Researchers publishing in Ageing Research Reviews have conducted a large meta-analysis of papers that document the effects of exercise on cognitive function in healthy people.
Not just for established conditions
We have previously discussed how, even for healthy people, exercise is associated with improved biomarkers of health. These researchers have done something similar, although rather than biological biomarkers, their research focuses on analyzing the effects of exercise on cognition in healthy people.
This meta-analysis was created through a search of studies conducted from January 2003 to April 2022. To be included, each study had to meet four critical criteria: it had to be a randomized, controlled trial rather than a cohort or longitudinal study, it had to include any type of regular exercise, it had to be published in English, and it had to report at least one cognitive outcome.
These studies were carefully analyzed for potential sources of bias, including improper blinding and randomness along with incomplete reporting of information. Of the over 15,000 non-duplicate studies found by the reviewers, only 54, containing 6,277 participants, were found to be suitable for data analysis.
Because all of these studies had different methods of quantifying exercise, they were normalized according to FITT-VP: frequency, intensity, time, type, volume, and progression. These are the fundamental aspects behind medical prescriptions of exercise, detailing what kind of exercise people do and when. What this means in practice varies greatly by the individual: what is ‘moderate’ for one person may be nearly impossible for someone else.

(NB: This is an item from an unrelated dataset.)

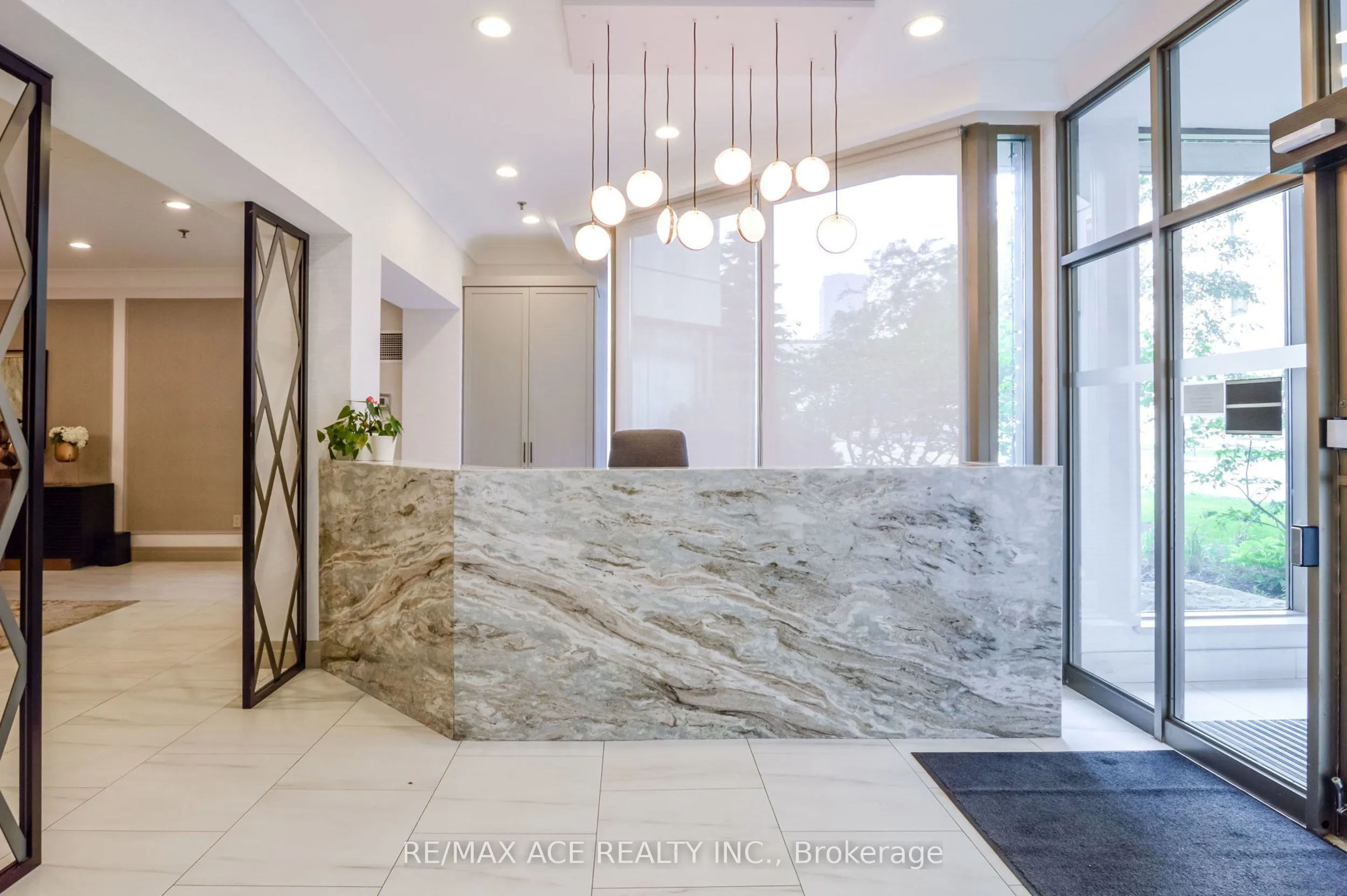 75 King Street E #201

Towards more conclusive results
Interestingly, many of the individual studies found tendencies toward improvements in various domains of brain function, but individually, relatively few of them provided statistically significant results on their own. However, combining them together provided far more useful information.
All exercise types were found to have significant effects on overall cognition, with resistance exercise (lifting and related activities) having the greatest effect. The reviewers also noted that exercises with an aerobic component were less effective than strict resistance-based interventions.
The effects of short exercise sessions were inconclusive, but moderate and longer sessions had positive effects, with moderate being the most effective. However, low-frequency exercise was found to have slightly more significant effects than moderate-frequency exercise for cognition. Moderation was also found to be a good idea for exercise intensity, and interventions that spanned a longer span of time were found to be more effective than shorter-term interventions.
In total, for overall cognition and for executive function, the results of this meta-analysis suggest that a moderate-intensity, moderate-length session of weightlifting conducted at a low frequency is broadly beneficial. Mind-body exercise (such as yoga and tai chi), moderate duration and frequency, and high-intensity exercise were found to be beneficial for memory. Attention and information processing were found to benefit from low-intensity, moderate-frequency exercise, although these domains were less well-studied and had few papers.
A further analysis found that people who were at least 60 years old had, by far, the greatest effects in all of the cognitive domains studied; exercise was found to have far fewer effects on cognition in younger people.
Takeaways
This meta-analysis contains no biological examinations, but the reviewers do note previous research linking such factors as IGF-1 [1] and BDNF [2] to potential benefits of exercise in older people. As biology changes with age, exercise may be responsible for spurring mechanisms that may not need to be spurred in younger people.
Offering more exercise interventions to less functional older populations may induce more biological mediators to help guard against cognitive decline during aging.
This is a meta-analysis of randomized, controlled trials that were conducted on human beings. Therefore, it provides broad and largely conclusive evidence that regular, infrequent, and moderate exercise, particularly resistance exercise, conducted over a long period of time is likely to help cognitive function in people who are at least 60 years old. However, it specifically refers to exercise prescriptions that professionals gave to individual participants. Someone who is looking to start an exercise regimen to fight cognitive decline may be well-served by consulting a medical expert first.
Literature
[1] Ashpole, N. M., Sanders, J. E., Hodges, E. L., Yan, H., & Sonntag, W. E. (2015). Growth hormone, insulin-like growth factor-1 and the aging brain. Experimental gerontology, 68, 76-81.
[2] Wrann, C. D., White, J. P., Salogiannnis, J., Laznik-Bogoslavski, D., Wu, J., Ma, D., … & Spiegelman, B. M. (2013). Exercise induces hippocampal BDNF through a PGC-1a/FNDC5 pathway. Cell metabolism, 18(5), 649-659.